(Stored data entries)
○ ○ ○ ○

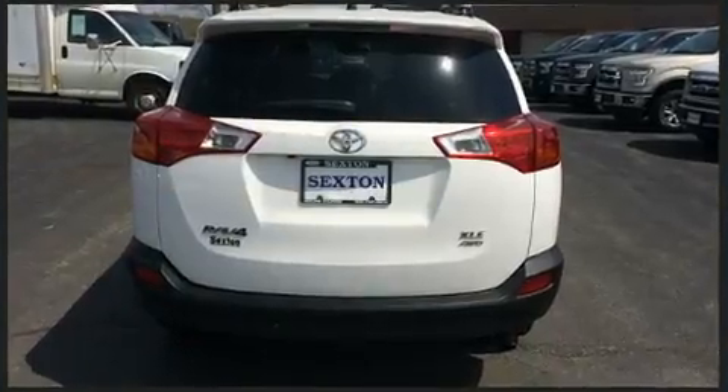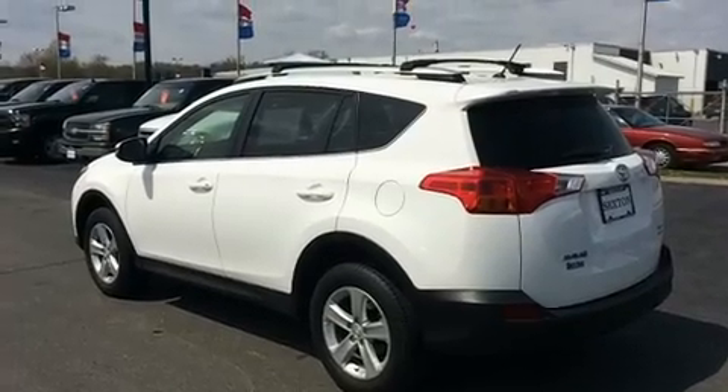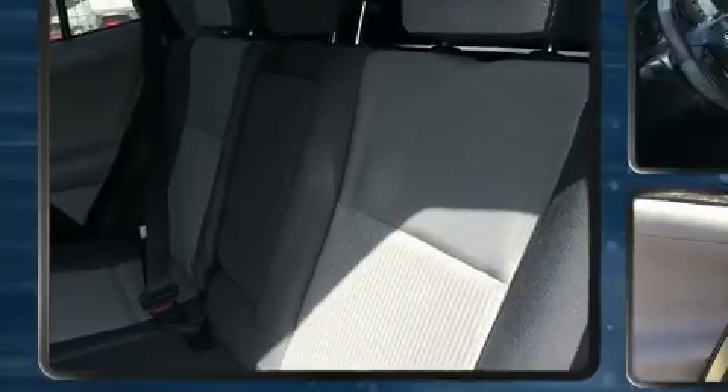Toyota infused the interior with top-shelf amenities such as one-touch window functionality, a tachometer, rear wipers, and cruise control. Premium sound drives six speakers, providing you and your passengers a sensational audio experience.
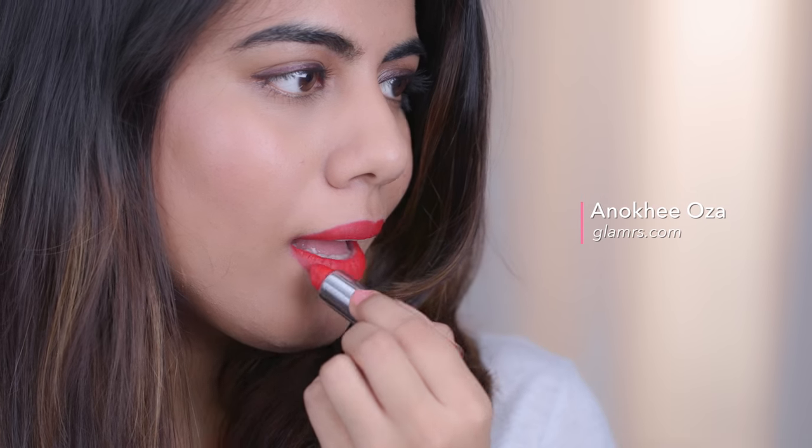Who doesn't own a red lipstick? I'm sure every girl does, but if you don't, then I'm going to help you select some of the best ones that are out there.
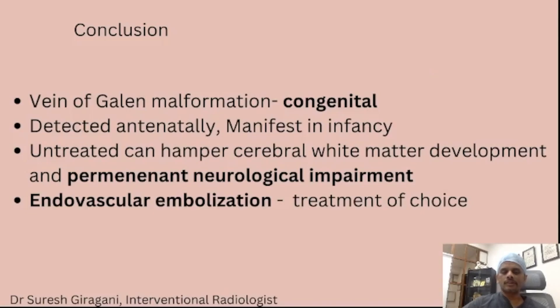To conclude, vein of Galen malformation is a rare congenital malformation. Treatment is mandatory to prevent neurological damage and to prevent effects on the heart. The timing can be variable — we can do it at the neonatal period or at 4 months of age — and endovascular embolization is the treatment of choice.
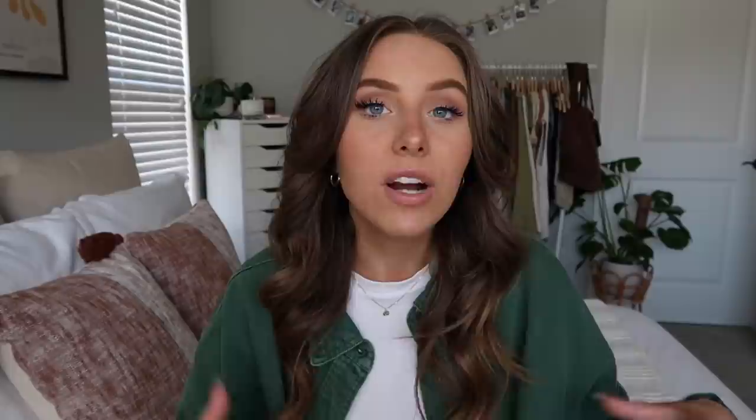Thumbs up if you like these types of videos and want to see more apartment content on my channel. As you're watching, comment below which apartment is your favorite — I'm super curious. Before I get into touring the apartments, I want to give you a little background on why I'm touring and what I'm comparing them to, since I'm deciding whether to renew my lease or pick a new one.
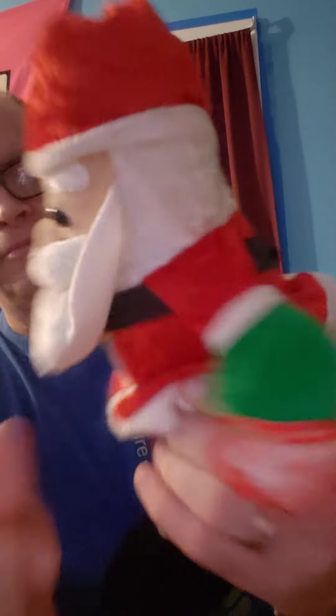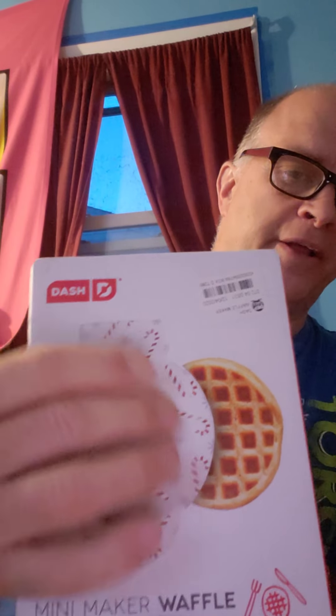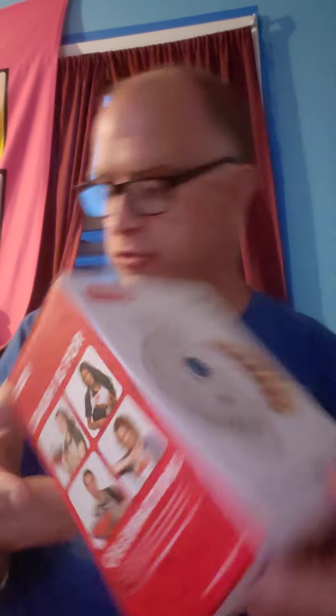Next item we got Santa Claus, still has his tag. Next item — what is this? A mini waffle maker, 4-inch cooking surface, non-stick. Mini is mighty. So I guess you can make them with stuff on it, like candy canes.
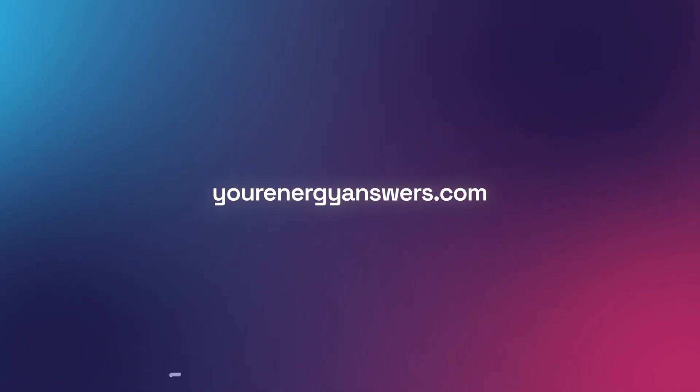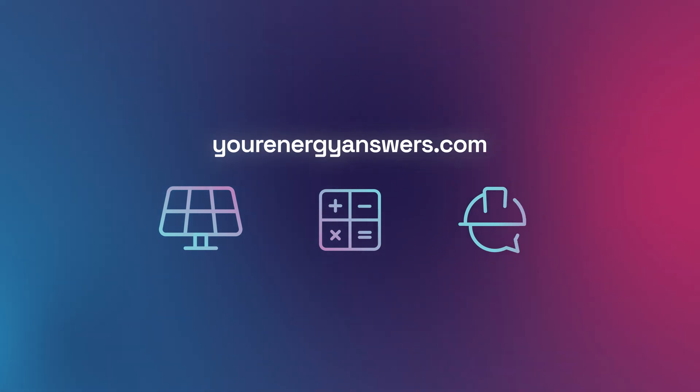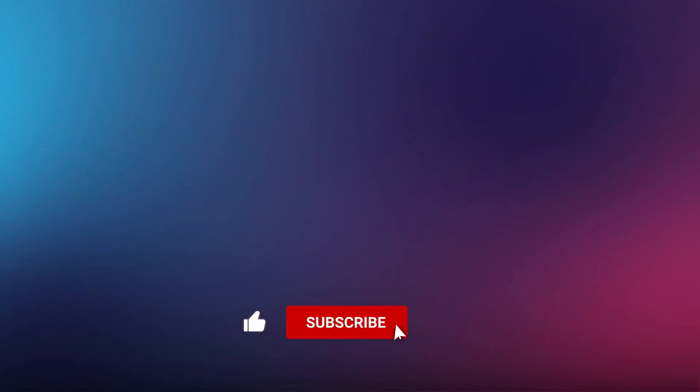Want more energy answers? Visit yourenergyanswers.com for quality energy products, tools and calculators, and find your quality local installers. Please support the channel by liking the video, hit that subscribe button and ring the bell, and check out all our other videos.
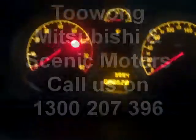Getting inside the car, it's been very well looked after and it's got heaps of room. Air conditioning, MP3 CD player. Come in and test drive at Twang Witchwishi today.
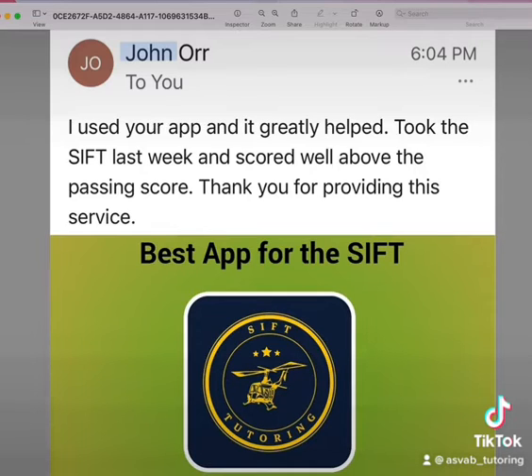The review says: 'I used your application and it really helped me through the SHSAT test last week, and I scored all above the passing score. Thank you for providing this service.' We get this type of email very often now.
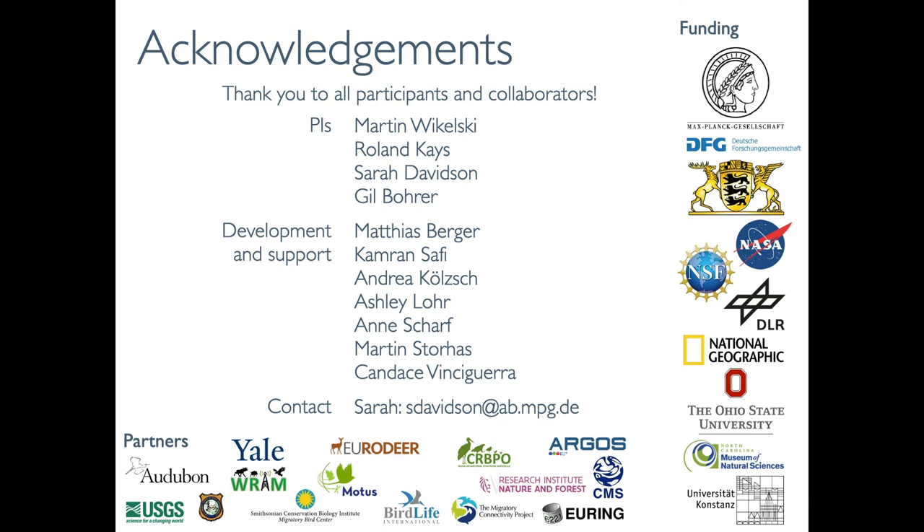I want to thank everyone involved with MoveBank and its development, and all of our partners and funders. Feel free to contact me at the address below for questions about anything in this presentation.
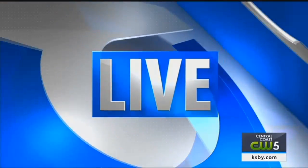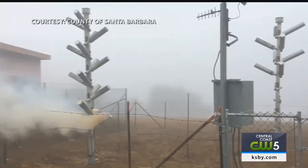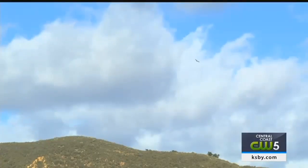KSBY News reporter Alexa Bertola joins us live to explain. Cloud seeding is a process that increases the amount of rain. It's been done all over the world, including in Santa Barbara County where it's been utilized for nearly 40 years. One way it works is through ground dispensers placed near mountain ridges. The seeding agent reacts with the clouds and causes it to rain.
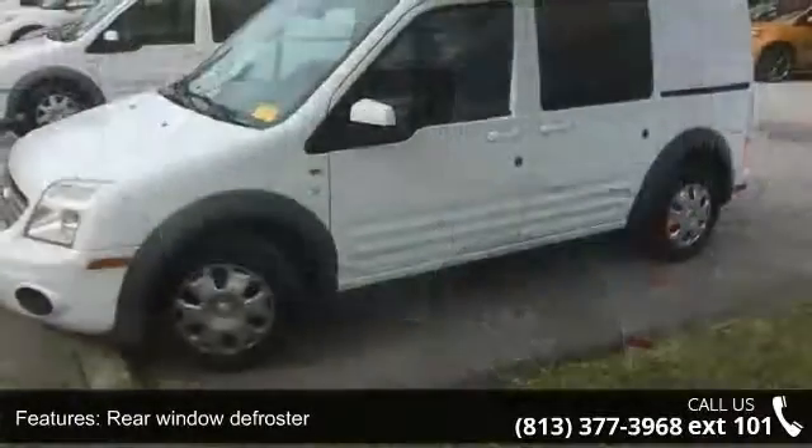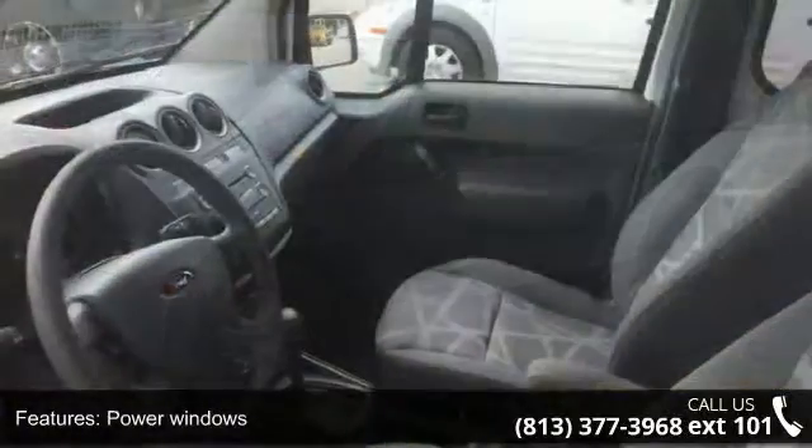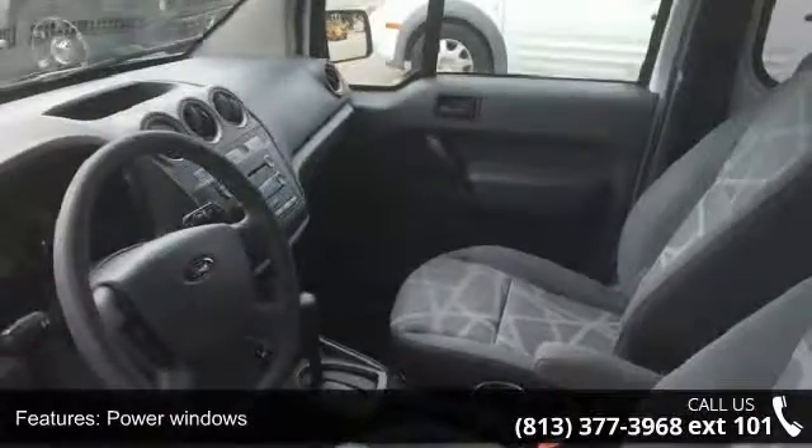If you are looking for a solid pre-owned car, this might be the one. Let us put you in the driver's seat today. Call or click to contact your dealership.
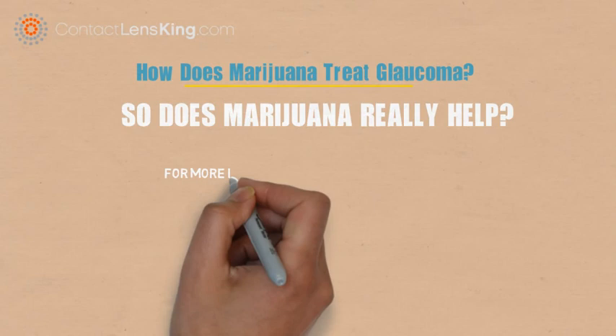For more information on this and other eye-related topics, visit our blog at blog.contactlensking.com or subscribe to our YouTube channel.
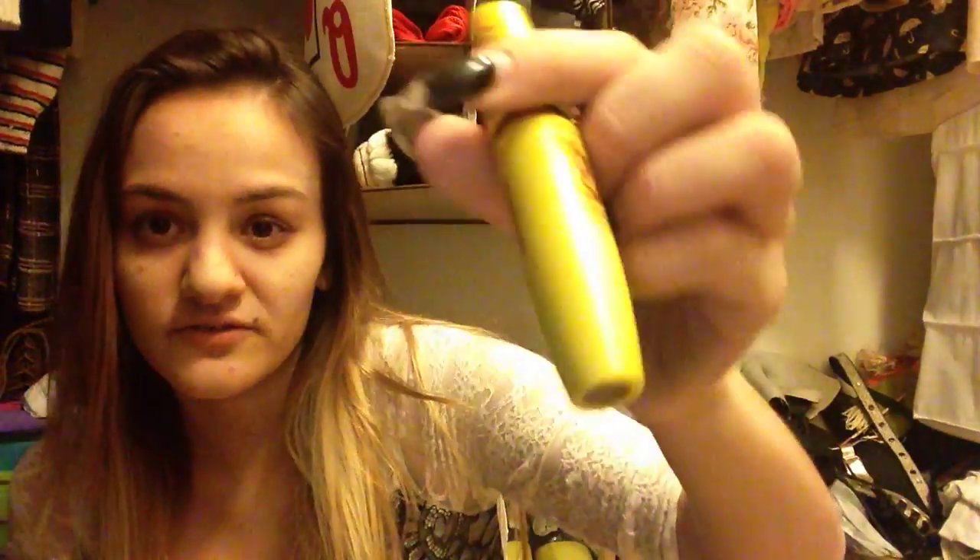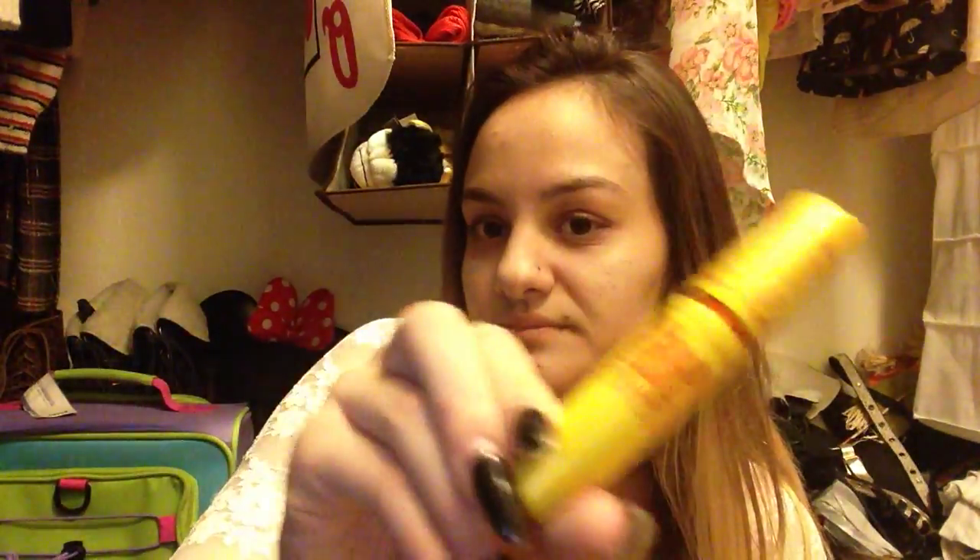The last two products: the first is Maybelline Colossal Volume Express Cat Eyes Mascara. This is the mascara that I use every single day, so this shouldn't be too hard to use up, and it's already almost gone. I'm just going to use this until it is completely done. I actually love this mascara — this is something I have repurchased many, many times and I'm going to continue repurchasing. I really like it and think it works really well.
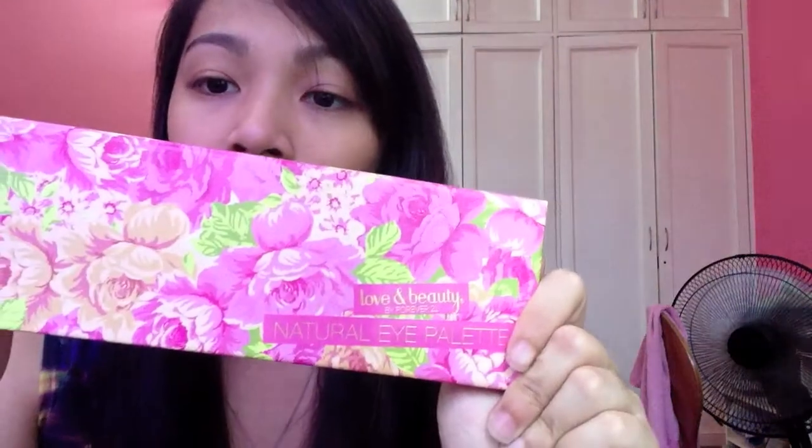The next beauty favorite is the Love & Beauty Natural Eyelid Palette from Forever 21. I got this for my 18th birthday from my friend CJ — she loves makeup and does a really good job with it. At first I didn't want to use it because I heard Forever 21's makeup isn't that good and their brushes stick.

○ ○ ○ ○

Assignment: Word for word, copy every line of the data, excluding any pictures.

Exercise result:
Toyota infused the interior with top-shelf amenities such as one-touch window functionality, a tachometer, rear wipers, and cruise control. Premium sound drives six speakers, providing you and your passengers a sensational audio experience.
Who doesn't own a red lipstick? I'm sure every girl does, but if you don't, then I'm going to help you select some of the best ones that are out there.
To conclude, vein of Galen malformation is a rare congenital malformation. Treatment is mandatory to prevent neurological damage and to prevent effects on the heart. The timing can be variable — we can do it at the neonatal period or at 4 months of age — and endovascular embolization is the treatment of choice.
Thumbs up if you like these types of videos and want to see more apartment content on my channel. As you're watching, comment below which apartment is your favorite — I'm super curious. Before I get into touring the apartments, I want to give you a little background on why I'm touring and what I'm comparing them to, since I'm deciding whether to renew my lease or pick a new one.
Next item we got Santa Claus, still has his tag. Next item — what is this? A mini waffle maker, 4-inch cooking surface, non-stick. Mini is mighty. So I guess you can make them with stuff on it, like candy canes.
Want more energy answers? Visit yourenergyanswers.com for quality energy products, tools and calculators, and find your quality local installers. Please support the channel by liking the video, hit that subscribe button and ring the bell, and check out all our other videos.
Getting inside the car, it's been very well looked after and it's got heaps of room. Air conditioning, MP3 CD player. Come in and test drive at Twang Witchwishi today.
The review says: 'I used your application and it really helped me through the SHSAT test last week, and I scored all above the passing score. Thank you for providing this service.' We get this type of email very often now.
I want to thank everyone involved with MoveBank and its development, and all of our partners and funders. Feel free to contact me at the address below for questions about anything in this presentation.
KSBY News reporter Alexa Bertola joins us live to explain. Cloud seeding is a process that increases the amount of rain. It's been done all over the world, including in Santa Barbara County where it's been utilized for nearly 40 years. One way it works is through ground dispensers placed near mountain ridges. The seeding agent reacts with the clouds and causes it to rain.
If you are looking for a solid pre-owned car, this might be the one. Let us put you in the driver's seat today. Call or click to contact your dealership.
For more information on this and other eye-related topics, visit our blog at blog.contactlensking.com or subscribe to our YouTube channel.
The last two products: the first is Maybelline Colossal Volume Express Cat Eyes Mascara. This is the mascara that I use every single day, so this shouldn't be too hard to use up, and it's already almost gone. I'm just going to use this until it is completely done. I actually love this mascara — this is something I have repurchased many, many times and I'm going to continue repurchasing. I really like it and think it works really well.
The next beauty favorite is the Love & Beauty Natural Eyelid Palette from Forever 21. I got this for my 18th birthday from my friend CJ — she loves makeup and does a really good job with it. At first I didn't want to use it because I heard Forever 21's makeup isn't that good and their brushes stick.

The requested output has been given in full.